== Task to carry out ==
Scan the entries that follow and work out how many lines contain "Negro". Give the number and nothing else.

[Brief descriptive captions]

------------

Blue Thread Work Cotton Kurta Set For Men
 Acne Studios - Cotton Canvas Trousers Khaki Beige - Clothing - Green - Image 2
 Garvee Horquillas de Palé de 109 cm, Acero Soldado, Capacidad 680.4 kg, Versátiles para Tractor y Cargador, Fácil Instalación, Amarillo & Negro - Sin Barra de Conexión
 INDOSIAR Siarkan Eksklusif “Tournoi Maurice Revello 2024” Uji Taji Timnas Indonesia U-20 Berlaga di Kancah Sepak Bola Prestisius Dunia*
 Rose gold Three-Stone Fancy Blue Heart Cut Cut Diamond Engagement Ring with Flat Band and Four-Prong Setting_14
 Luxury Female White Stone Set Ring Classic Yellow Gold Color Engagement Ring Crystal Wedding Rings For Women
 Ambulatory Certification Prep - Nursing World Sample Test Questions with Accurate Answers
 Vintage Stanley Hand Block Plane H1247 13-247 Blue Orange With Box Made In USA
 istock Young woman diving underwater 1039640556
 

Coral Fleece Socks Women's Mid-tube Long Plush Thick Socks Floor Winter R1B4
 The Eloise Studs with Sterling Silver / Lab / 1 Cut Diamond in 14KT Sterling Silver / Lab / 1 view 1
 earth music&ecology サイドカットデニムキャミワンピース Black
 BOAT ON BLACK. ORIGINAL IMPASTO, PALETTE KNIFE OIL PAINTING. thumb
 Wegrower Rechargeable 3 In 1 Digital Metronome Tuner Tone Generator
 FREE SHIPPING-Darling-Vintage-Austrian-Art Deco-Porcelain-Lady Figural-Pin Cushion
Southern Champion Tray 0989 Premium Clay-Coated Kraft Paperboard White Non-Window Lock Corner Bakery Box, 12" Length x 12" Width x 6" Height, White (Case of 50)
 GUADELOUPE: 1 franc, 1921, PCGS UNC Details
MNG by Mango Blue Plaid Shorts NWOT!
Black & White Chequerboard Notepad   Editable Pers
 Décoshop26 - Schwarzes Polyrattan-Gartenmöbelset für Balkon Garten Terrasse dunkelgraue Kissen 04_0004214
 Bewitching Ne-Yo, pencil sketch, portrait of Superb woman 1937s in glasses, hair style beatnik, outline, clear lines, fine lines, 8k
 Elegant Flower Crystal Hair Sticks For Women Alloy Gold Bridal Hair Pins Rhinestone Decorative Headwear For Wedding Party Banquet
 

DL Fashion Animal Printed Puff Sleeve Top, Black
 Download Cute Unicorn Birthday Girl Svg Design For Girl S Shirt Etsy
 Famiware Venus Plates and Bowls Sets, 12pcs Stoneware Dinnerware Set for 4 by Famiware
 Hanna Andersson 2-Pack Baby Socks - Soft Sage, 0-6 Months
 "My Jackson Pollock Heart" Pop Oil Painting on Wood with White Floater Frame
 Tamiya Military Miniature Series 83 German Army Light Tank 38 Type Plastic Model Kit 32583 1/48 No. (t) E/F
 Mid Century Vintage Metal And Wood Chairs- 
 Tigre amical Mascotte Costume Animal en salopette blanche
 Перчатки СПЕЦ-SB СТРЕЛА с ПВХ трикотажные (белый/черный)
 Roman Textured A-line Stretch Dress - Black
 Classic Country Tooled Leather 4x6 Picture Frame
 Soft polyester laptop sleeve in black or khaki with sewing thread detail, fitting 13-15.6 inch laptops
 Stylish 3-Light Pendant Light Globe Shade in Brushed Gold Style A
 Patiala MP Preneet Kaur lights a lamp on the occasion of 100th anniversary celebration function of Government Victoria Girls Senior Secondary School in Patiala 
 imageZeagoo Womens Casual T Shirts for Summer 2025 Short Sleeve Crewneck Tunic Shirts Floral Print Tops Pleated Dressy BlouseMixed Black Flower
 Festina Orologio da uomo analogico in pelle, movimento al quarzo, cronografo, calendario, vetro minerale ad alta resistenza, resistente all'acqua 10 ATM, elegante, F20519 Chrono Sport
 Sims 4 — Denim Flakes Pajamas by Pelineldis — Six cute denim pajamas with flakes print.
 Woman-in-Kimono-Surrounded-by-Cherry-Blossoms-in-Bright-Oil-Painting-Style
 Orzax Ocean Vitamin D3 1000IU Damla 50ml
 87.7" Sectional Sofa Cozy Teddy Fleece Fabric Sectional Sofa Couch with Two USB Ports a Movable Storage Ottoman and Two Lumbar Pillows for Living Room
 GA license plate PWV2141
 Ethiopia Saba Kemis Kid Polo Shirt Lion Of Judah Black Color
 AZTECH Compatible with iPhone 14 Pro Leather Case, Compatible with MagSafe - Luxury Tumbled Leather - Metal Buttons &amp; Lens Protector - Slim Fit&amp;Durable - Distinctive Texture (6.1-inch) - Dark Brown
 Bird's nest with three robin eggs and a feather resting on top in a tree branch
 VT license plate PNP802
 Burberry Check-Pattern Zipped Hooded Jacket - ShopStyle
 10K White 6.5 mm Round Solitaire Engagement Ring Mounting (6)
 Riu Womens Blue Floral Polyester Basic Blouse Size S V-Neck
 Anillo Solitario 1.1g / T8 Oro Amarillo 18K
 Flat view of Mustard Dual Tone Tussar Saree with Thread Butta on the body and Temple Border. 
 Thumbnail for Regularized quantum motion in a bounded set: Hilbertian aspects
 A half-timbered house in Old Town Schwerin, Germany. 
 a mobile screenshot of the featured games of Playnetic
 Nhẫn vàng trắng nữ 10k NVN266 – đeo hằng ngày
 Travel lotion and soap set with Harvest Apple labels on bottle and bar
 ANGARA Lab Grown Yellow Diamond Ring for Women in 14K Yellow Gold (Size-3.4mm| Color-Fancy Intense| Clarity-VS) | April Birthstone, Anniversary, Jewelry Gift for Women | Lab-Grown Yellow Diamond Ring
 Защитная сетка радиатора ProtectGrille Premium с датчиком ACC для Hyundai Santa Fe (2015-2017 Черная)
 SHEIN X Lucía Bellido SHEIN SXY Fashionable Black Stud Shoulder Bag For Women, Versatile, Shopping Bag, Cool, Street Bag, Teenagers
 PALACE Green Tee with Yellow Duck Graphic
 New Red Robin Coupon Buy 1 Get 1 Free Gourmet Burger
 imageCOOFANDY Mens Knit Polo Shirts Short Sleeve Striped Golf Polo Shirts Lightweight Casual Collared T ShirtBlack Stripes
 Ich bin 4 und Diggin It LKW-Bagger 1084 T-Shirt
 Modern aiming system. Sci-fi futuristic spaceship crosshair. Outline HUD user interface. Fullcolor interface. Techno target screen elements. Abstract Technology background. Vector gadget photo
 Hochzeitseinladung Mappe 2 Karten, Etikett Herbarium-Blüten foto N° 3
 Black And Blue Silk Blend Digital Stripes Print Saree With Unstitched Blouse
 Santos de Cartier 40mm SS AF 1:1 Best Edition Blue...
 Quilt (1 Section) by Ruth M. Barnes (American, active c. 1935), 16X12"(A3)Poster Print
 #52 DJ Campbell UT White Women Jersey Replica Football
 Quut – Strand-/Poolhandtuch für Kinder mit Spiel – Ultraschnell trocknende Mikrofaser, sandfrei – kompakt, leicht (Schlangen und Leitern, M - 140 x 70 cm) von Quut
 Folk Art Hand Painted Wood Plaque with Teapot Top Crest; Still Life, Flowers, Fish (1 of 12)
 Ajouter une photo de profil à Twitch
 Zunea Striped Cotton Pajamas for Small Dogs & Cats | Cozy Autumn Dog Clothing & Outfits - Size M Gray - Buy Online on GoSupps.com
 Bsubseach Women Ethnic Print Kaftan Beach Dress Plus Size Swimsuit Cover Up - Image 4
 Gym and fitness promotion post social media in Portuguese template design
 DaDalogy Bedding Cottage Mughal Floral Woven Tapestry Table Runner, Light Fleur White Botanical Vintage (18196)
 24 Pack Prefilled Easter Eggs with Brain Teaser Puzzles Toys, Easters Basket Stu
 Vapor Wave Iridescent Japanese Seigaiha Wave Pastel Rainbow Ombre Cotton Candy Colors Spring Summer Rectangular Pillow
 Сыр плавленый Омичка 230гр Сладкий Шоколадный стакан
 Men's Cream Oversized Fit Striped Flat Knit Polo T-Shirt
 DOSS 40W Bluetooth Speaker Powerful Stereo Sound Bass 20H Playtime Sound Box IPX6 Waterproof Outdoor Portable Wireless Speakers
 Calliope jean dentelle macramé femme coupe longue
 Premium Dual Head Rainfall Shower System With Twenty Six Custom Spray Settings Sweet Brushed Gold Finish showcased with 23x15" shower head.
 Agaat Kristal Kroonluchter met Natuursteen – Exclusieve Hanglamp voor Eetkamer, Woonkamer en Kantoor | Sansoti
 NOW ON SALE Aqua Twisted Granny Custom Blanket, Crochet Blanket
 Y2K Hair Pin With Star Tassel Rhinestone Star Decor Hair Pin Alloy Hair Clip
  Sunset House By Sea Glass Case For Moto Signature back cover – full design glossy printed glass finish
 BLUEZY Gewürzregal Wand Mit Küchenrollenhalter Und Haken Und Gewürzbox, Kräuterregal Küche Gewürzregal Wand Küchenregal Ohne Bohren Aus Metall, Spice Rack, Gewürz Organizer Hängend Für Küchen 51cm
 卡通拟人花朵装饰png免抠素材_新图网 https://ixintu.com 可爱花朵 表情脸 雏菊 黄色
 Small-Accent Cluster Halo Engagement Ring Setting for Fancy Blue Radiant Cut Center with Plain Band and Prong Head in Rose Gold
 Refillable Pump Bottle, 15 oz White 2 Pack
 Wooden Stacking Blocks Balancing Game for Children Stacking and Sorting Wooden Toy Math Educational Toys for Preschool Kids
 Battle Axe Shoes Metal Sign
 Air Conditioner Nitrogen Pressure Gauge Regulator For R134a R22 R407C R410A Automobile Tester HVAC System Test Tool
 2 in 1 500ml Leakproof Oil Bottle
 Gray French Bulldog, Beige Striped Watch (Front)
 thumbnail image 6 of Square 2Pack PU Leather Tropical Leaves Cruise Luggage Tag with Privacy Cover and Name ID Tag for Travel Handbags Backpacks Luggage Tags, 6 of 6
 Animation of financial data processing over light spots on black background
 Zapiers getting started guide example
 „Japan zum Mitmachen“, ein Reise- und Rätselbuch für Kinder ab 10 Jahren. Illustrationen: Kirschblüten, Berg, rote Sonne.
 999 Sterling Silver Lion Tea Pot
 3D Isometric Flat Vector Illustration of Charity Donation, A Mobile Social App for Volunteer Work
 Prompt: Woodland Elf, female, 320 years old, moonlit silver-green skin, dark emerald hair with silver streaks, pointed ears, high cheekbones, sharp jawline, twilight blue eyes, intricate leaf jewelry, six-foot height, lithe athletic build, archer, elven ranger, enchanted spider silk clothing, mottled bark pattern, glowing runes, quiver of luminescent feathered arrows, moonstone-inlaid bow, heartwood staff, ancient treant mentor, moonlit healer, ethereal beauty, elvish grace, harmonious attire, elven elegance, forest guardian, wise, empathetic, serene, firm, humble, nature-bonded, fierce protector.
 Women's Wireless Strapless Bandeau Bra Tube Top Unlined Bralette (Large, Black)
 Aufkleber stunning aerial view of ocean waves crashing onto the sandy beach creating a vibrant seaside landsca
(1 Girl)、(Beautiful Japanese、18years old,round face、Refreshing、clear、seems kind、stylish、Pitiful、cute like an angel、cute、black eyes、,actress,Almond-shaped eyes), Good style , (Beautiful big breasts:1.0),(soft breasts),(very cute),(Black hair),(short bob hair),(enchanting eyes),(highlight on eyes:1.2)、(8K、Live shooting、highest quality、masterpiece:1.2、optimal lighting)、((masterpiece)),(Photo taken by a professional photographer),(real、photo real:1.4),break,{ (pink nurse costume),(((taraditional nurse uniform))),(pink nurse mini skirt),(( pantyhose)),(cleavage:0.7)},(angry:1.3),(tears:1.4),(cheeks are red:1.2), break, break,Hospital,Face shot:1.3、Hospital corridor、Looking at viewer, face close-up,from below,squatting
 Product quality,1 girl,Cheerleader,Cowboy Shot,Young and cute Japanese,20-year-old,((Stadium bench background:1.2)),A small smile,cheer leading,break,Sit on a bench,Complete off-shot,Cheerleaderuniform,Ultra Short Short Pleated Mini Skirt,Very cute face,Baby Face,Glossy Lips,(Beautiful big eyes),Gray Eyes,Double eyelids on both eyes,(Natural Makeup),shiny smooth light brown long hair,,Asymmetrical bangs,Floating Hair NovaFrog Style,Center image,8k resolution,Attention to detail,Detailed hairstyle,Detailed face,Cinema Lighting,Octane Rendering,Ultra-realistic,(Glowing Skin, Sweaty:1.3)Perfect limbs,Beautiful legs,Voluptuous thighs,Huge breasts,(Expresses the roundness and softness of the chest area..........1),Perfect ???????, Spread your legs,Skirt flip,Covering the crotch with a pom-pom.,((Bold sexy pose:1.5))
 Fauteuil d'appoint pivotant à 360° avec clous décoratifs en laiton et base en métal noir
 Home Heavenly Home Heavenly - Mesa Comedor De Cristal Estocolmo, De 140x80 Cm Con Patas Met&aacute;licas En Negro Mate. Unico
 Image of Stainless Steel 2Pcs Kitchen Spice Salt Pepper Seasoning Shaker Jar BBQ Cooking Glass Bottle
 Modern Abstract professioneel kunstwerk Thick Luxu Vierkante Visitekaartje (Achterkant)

------------

== The answer ==
2